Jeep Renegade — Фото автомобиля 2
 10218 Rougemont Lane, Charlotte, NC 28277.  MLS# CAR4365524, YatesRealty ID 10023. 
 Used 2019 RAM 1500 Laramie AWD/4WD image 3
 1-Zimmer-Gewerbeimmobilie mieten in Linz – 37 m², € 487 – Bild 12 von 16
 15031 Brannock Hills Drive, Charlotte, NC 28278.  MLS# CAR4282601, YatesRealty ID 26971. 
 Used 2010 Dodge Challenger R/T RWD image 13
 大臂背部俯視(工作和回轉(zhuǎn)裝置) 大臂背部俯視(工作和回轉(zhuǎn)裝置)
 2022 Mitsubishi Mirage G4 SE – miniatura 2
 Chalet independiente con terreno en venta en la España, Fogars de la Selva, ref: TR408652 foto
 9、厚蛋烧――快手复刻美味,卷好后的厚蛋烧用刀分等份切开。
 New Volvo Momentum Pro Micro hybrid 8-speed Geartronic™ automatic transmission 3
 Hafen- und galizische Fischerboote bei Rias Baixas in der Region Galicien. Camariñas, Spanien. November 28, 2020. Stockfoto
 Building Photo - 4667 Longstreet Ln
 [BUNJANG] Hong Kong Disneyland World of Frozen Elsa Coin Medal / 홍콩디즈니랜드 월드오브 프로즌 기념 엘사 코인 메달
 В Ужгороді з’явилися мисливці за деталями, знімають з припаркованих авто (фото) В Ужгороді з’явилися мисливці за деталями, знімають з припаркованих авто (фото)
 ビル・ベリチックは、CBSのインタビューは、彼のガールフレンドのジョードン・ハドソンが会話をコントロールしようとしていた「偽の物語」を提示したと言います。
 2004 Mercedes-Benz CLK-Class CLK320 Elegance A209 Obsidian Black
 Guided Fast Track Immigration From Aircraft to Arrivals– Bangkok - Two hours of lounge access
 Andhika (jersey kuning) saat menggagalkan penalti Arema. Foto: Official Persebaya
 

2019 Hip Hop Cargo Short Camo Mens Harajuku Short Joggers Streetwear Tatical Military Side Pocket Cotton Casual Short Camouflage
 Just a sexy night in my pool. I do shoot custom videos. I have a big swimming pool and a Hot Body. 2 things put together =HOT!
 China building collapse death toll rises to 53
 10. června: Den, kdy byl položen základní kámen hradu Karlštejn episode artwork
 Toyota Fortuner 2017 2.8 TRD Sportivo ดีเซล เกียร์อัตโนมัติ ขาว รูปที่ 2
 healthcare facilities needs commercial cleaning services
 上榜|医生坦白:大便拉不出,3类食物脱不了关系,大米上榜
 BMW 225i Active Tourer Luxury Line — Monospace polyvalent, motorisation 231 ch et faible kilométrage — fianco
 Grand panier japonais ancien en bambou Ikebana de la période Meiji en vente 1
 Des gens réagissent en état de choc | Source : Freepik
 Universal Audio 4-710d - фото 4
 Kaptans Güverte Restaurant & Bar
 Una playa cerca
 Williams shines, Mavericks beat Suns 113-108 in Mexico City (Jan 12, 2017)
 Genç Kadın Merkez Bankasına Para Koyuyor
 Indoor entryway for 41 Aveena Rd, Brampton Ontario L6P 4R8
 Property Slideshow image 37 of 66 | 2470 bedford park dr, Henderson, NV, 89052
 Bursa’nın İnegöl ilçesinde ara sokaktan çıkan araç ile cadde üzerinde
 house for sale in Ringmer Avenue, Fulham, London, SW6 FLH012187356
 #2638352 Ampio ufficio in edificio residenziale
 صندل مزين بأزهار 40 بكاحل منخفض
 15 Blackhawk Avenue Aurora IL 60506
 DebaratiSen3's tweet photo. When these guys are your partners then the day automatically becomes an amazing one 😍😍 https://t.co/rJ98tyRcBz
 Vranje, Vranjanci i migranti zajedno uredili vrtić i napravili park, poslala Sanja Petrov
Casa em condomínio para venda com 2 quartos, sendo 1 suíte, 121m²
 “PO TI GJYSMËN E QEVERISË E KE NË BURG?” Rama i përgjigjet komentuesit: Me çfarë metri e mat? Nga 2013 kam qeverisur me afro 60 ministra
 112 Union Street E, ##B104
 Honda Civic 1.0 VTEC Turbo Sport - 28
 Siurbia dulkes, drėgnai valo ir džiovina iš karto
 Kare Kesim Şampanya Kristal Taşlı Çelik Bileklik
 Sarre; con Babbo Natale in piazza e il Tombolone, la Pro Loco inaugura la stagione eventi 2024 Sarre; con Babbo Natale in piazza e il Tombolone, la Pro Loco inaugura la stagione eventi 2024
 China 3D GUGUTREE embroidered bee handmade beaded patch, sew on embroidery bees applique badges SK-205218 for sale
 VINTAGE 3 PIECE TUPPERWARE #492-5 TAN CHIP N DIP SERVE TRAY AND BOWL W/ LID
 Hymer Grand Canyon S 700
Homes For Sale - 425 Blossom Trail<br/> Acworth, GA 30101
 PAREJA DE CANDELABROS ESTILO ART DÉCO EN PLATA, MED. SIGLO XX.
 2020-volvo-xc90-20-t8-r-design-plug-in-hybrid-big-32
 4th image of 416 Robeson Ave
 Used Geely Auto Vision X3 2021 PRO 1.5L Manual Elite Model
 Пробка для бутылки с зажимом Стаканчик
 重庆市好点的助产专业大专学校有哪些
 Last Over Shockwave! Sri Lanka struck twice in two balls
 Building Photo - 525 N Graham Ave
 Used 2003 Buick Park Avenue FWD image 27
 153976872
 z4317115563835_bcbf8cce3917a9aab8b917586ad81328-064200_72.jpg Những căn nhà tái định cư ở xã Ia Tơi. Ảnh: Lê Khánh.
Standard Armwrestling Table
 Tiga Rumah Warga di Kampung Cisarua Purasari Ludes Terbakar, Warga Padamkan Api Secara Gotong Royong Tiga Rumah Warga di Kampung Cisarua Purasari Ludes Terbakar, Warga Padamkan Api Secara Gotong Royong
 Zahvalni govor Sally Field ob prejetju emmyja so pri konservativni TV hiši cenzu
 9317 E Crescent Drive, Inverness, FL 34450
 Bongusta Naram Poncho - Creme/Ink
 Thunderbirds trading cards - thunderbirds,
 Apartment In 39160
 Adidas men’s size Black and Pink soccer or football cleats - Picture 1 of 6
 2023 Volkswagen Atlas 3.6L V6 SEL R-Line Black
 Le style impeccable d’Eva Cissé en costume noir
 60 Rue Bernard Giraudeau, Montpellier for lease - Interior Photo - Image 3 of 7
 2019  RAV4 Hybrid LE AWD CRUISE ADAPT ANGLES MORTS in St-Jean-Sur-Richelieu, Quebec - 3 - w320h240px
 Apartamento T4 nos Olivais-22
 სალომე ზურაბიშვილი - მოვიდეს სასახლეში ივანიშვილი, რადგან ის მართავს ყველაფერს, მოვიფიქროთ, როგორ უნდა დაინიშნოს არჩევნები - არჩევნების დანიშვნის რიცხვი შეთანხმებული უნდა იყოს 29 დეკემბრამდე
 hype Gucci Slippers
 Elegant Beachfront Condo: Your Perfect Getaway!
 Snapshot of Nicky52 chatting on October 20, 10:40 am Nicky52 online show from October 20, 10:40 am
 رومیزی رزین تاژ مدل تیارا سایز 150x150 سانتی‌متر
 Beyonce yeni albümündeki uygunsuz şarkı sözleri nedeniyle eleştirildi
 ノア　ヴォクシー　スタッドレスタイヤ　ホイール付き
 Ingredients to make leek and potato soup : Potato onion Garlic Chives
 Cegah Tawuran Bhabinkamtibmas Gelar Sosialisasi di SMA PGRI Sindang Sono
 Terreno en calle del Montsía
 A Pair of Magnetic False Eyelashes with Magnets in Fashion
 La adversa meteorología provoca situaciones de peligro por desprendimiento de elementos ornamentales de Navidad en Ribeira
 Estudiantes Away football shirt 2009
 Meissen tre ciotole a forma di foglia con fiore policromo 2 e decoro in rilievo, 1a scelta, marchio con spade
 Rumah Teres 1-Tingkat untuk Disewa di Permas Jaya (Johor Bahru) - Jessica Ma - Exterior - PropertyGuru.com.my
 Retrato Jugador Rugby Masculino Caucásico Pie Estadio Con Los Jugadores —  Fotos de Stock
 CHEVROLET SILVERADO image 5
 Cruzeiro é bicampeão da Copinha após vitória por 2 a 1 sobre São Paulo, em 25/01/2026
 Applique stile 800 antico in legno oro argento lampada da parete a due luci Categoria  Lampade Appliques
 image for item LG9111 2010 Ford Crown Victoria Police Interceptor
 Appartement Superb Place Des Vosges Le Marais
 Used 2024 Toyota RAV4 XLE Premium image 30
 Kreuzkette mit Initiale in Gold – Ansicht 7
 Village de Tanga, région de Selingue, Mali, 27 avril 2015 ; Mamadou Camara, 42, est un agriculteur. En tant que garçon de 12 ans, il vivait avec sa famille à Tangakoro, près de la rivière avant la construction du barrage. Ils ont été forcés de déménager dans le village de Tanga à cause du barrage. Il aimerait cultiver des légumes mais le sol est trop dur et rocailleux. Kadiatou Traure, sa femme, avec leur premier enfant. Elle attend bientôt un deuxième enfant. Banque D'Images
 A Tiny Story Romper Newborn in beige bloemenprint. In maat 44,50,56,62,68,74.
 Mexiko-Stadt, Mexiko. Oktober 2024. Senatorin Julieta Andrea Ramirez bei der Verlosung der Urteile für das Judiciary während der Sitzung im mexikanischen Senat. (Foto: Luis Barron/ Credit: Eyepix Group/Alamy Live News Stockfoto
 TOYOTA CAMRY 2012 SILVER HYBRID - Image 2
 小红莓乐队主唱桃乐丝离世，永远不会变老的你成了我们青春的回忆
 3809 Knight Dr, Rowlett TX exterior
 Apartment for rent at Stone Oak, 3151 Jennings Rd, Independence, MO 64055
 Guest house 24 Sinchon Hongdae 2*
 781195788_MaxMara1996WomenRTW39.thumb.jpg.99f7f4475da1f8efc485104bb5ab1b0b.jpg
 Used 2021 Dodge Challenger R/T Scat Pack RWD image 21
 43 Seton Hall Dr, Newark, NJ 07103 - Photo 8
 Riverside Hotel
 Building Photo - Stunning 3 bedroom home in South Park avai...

● ● ● ● ●

GOAL OF THE EXERCISE —
Copy back the listing above exactly, but only from the line with "A Tiny Story" through the line with "Guest house 24 Sinchon Hongdae 2*", both ends included.

RESPONSE —
 A Tiny Story Romper Newborn in beige bloemenprint. In maat 44,50,56,62,68,74.
 Mexiko-Stadt, Mexiko. Oktober 2024. Senatorin Julieta Andrea Ramirez bei der Verlosung der Urteile für das Judiciary während der Sitzung im mexikanischen Senat. (Foto: Luis Barron/ Credit: Eyepix Group/Alamy Live News Stockfoto
 TOYOTA CAMRY 2012 SILVER HYBRID - Image 2
 小红莓乐队主唱桃乐丝离世，永远不会变老的你成了我们青春的回忆
 3809 Knight Dr, Rowlett TX exterior
 Apartment for rent at Stone Oak, 3151 Jennings Rd, Independence, MO 64055
 Guest house 24 Sinchon Hongdae 2*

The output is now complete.